Pero esta no es la historia de todos los peruanos. Pues si bien el transcurso de cinco siglos las urbes litorales se han andinizado y las ciudades andinas se han modernizado la presencia de la mayoría de peruanos en el 40% del territorio nacional, que comprende la costa y la sierra, no resuelve los cruciales dilemas y responsabilidades que plantea el siglo XXI respecto al otro 60% del territorio en el que se concentran no solo ingentes recursos naturales sino, sobre todo, 3 de los 28 millones de peruanos de esta primera centuria. Tres millones de los cuales unos 500 mil son descendientes directos de los primeros descubridores de América.

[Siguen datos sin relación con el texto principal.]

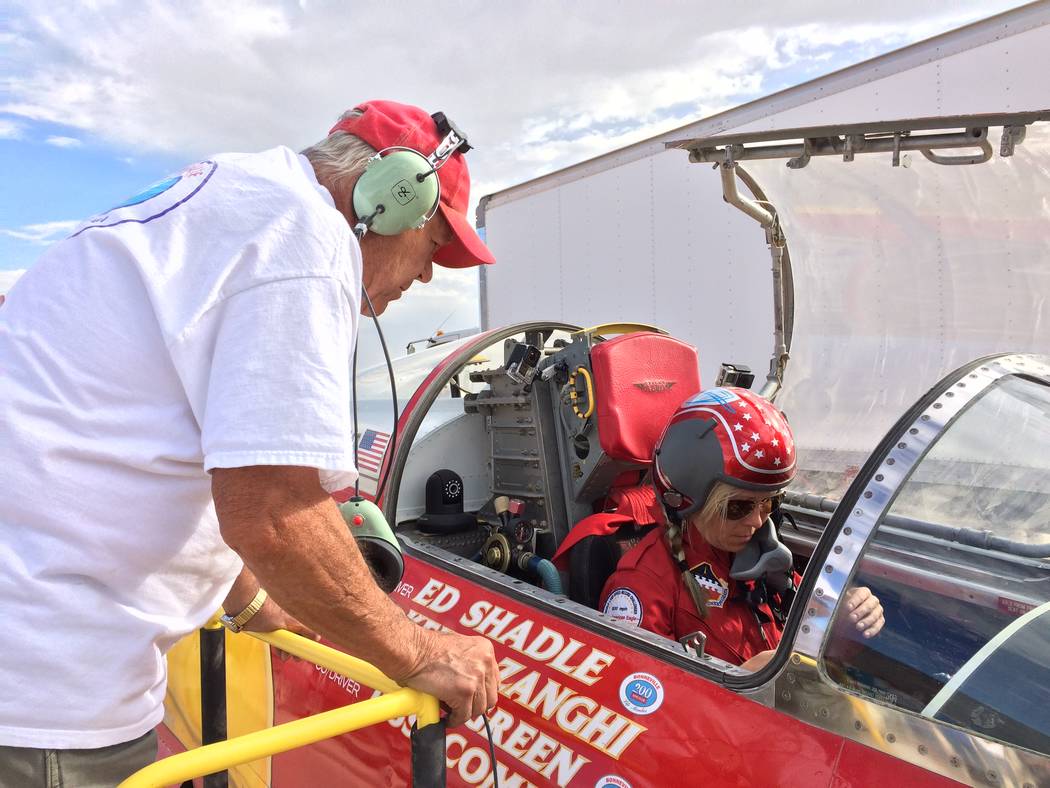 Ed Shadle looks on as driver Jessi Combs runs an engine test on the jet-powered car they hope t ...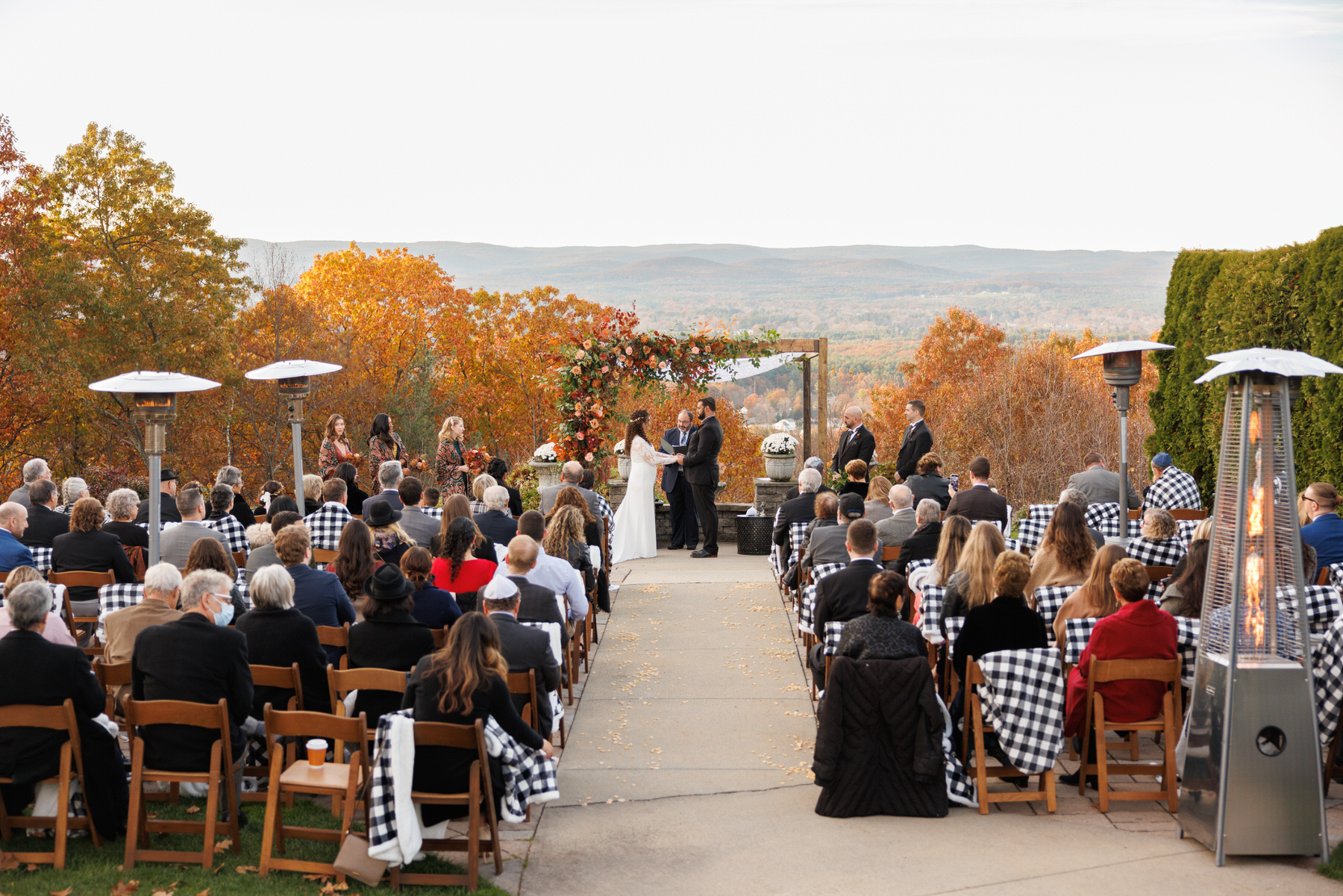 488 Lauren and William-1 An outdoor wedding ceremony with guests seated facing a couple at the altar, set against a backdrop of autumn hills, perfectly planned for exquisite wedding photography.
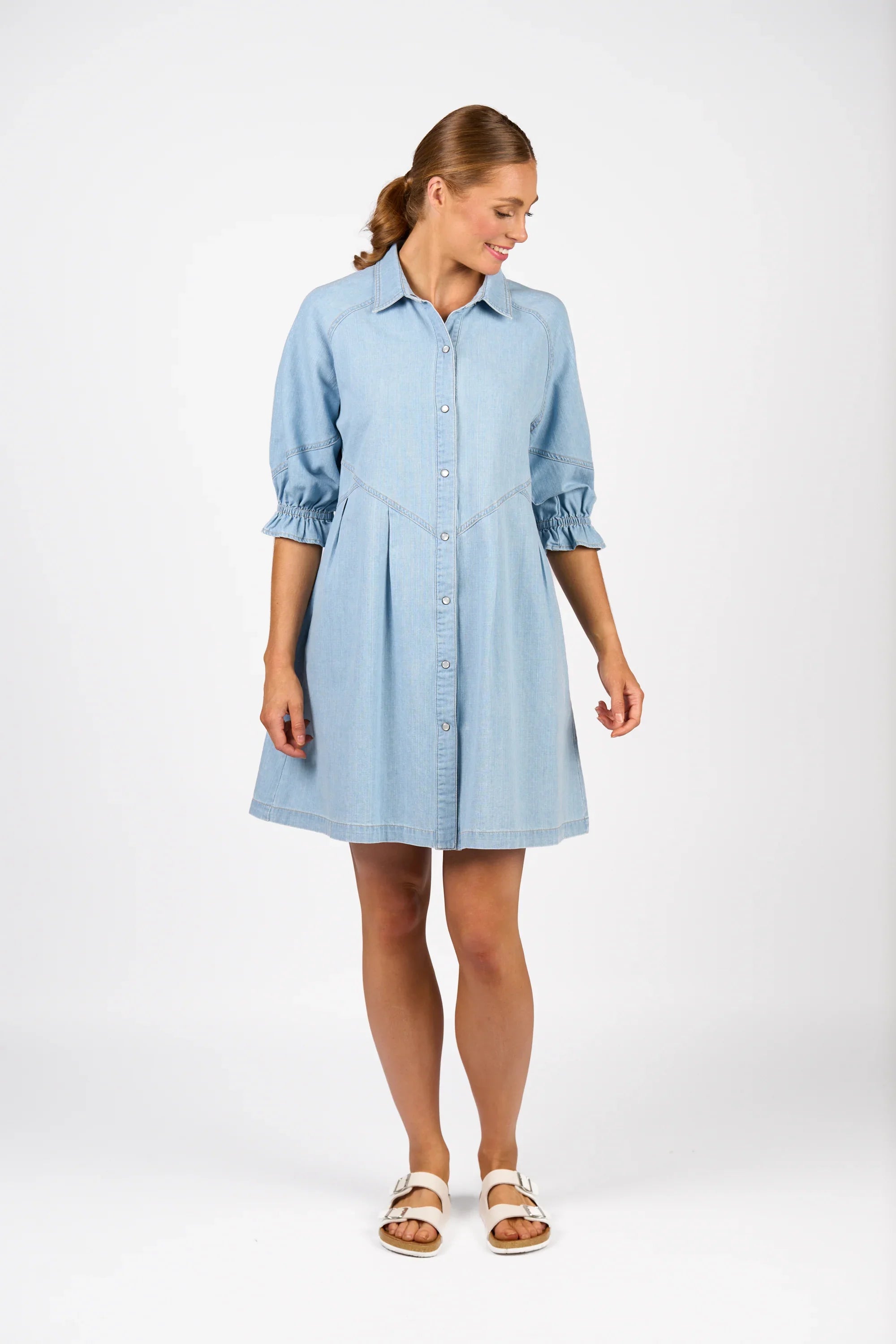 Woman wearing light wash denim shirt dress with three-quarter sleeves and white sandals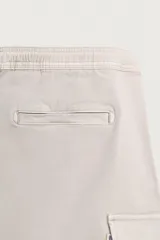 Bermuda cargo color negro de corte relaxed fit, confeccionada en tejido de algodón con elasticidad y efecto lavado. Cuenta con cintura elástica ajustable con cordón, bolsillos frontales y bolsillos laterales tipo cargo con solapa en las perneras.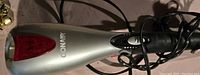 Close-up view of the silver and black Conair wand massager showing the red heat vent area and part of the power cord.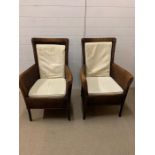 A pair of Lloyds Loom armchairs with white cushions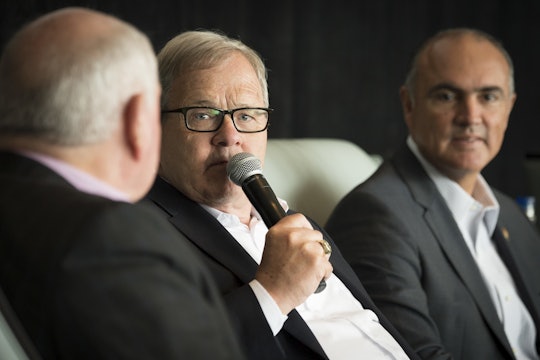 man seated next to two other men, wearing glasses and holding a microphone 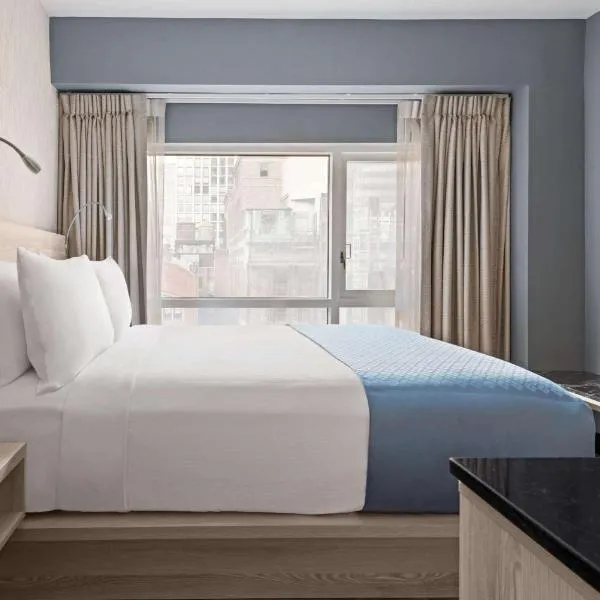 Wingate by Wyndham New York Midtown South/5th Ave, хотел в Glendale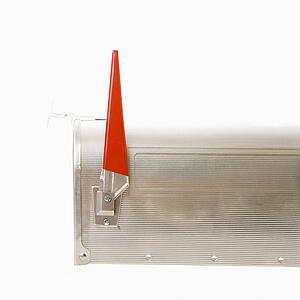 Shiny silver metal mailbox with flag up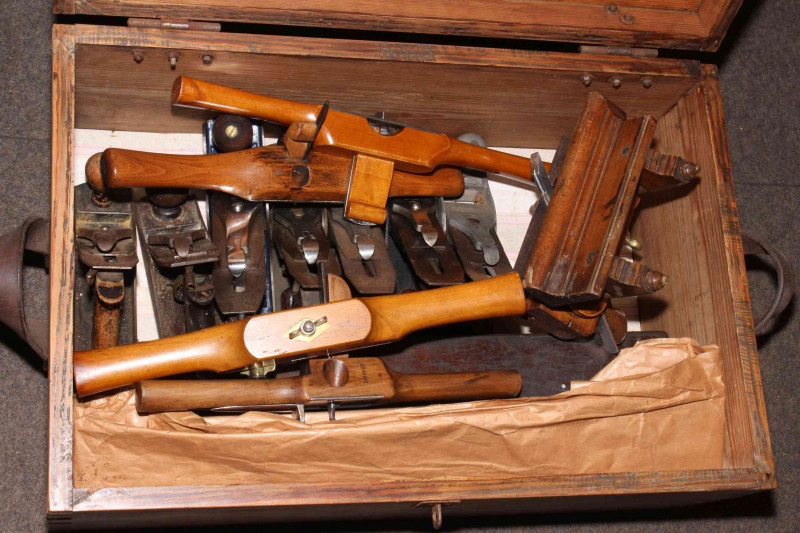 Tool box containing planes and shaves.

En consecuencia, aun cuando las distancias entre el campo y la ciudad y entre las regiones se han acortado es innegable que el Perú es un mundo dividido. Un mundo por descubrir si aspiramos constituir una autentica democracia. En tal sentido, resulta pertinente recordar lo que sostuvo un hombre que fue muchos hombres a la vez (jurista, historiador, diplomático y, ante todo, educador) Raúl Porras Barrenechea: a pesar de no pocas vicisitudes y reveses la conquista de la amazonia es obra de la República. Un logro que no ha dejado de ser un problema (que se traduce en la pérdida de un tercio del territorio peruano en el siglo XIX) pero a la vez una posibilidad de complejas y dramáticas perspectivas. Complejas por que antes que un espacio de promisorias ventajas económicas constituye el último reducto de un universo humano primigenio cuya existencia impone la urgencia inexorable de negociar una convivencia basada no en la pertenencia a una solemne y artificial jurisdicción geopolítica sino en el respeto de remotas diferencias en las que no cuentan la cantidad sobre la antigüedad ni la originalidad. No percatarse de esa premisa elemental es ser cómplice de los crímenes, cometidos y por cometer, no solo contra las poblaciones primigenias sino contra la verdad.
Pues no hacerlo, por desgracia, conduce al trágico enfrentamiento que a partir de los días 5 y 6 de junio del 2009 a llevado al inesperado recuento de policías muertos y un número aun indeterminado de integrantes de los pueblos wajún y wampis abatidos en una curva fatídica de la carretera Fernando Belaunde en Bagua víctimas del cumplimiento de una orden unos y de un sagrado mandato ancestral los otros. La magnitud y la complejidad del conflicto se acrecientan cuando la principal víctima termina siendo la verdad. Cuando nosotros, ciudadanos de un país cuya Constitución reconoce su esencia multiétnica y pluricultural, acatamos el falaz derecho de un gobierno que no acepta otros mandatos diferentes y anteriores al suyo. Cuando confina a la caridad y a la curiosidad antropológica a alrededor de 1500 comunidades nativas que comparten idiomas y creencias religiosas no hispanas ni cristianas y poseen oficialmente el 13% de las 35 millones de hectáreas del espacio agropecuario nacional. Olvidando que aunque el área amazónica nacional abraca 63 millones de hectáreas es obvio que es esa la genuina heredad y verdadero espacio vital de los pueblos originarios. Razón, además, por la que han aceptado la presencia del estado peruano: antes que como un sometimiento a su autoridad como una alianza de beneficios recíprocos. Todo lo cual concluye con los lamentables desafueros de los héroes de ayer convertidos en los villanos de hoy.